I am trying to implement a knearest neighbors classifier on the mnist dataset.
I tried to check my results by comparing with the Scipy KNeighborsClassifier
For verification I am using the first 6 samples in the training set and finding the 6 nearest neighbors of the first sample in the training set.
The distance that I calculate does not match with the distance given by the KNeighborsClassifier library.
I am not able to figure out why are my values different.
I have referred to this question for getting the euclidean distance.
My code:
from mlxtend.data import loadlocal_mnist
import numpy as np
from scipy.spatial import distance
train, train_label = loadlocal_mnist(
images_path='train-images.idx3-ubyte',
labels_path='train-labels.idx1-ubyte')
train_label = train_label.reshape(-1, 1)
train = train[:6, :]
train_label = train_label[:6, :]
# print(train_label)
test = train.copy()
test_label = train_label.copy()
test = test[:1, :]
test_label = test_label[:1, :]
for test_idx, test_row in enumerate(test):
for train_idx, train_row in enumerate(train):
d1 = np.linalg.norm(train_row - test_row)
d2 = distance.euclidean(train_row, test_row)
d3 = (((train_row - test_row)**2).sum())**0.5
d4 = np.dot(train_row - test_row, train_row - test_row)**0.5
print(train_idx, d1, d2, d3, d4)
Test set is only the first row of train set
The output for the above is:
0 0.0 0.0 0.0 0.0
1 2618.6771469579826 2618.6771469579826 140.3923074815711 15.937377450509228
2 2372.0210791643485 2372.0210791643485 134.29817571359635 10.770329614269007
3 2139.966354875702 2139.966354875702 122.37646832622684 11.313708498984761
4 2485.1432554281455 2485.1432554281455 135.5322839769182 13.892443989449804
5 2582.292392429641 2582.292392429641 144.69968901141425 14.212670403551895
And this is the KNeighborsClassifier code i compare with:
neigh = KNeighborsClassifier(n_neighbors=6)

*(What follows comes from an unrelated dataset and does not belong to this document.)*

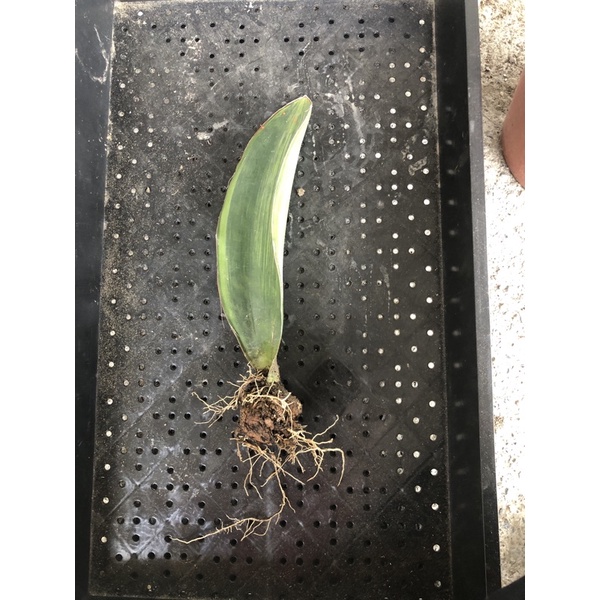 日光倉庫 寶扇錦虎尾蘭多肉植物 蝦皮購物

neigh.fit(train, train_label)
closest = neigh.kneighbors(test[0].reshape(1, -1))
print(closest)
Output:
(array([[ 0. , 2387.11164381, 2554.81975881, 2582.29239243,
2672.46721215, 2773.14911247]]), array([[0, 1, 3, 5, 4, 2]], dtype=int64))
I am trying to calculate the euclidean distance between the data points to find the nearest neighbors. d1, d2, d3, d4
are 4 different approaches I found from the question linked above and the output are their specific values.
But the distance value I get from the KNeighborsClassifier is different from all of these which also uses euclidean distance as given in the documentation. Why is that happening?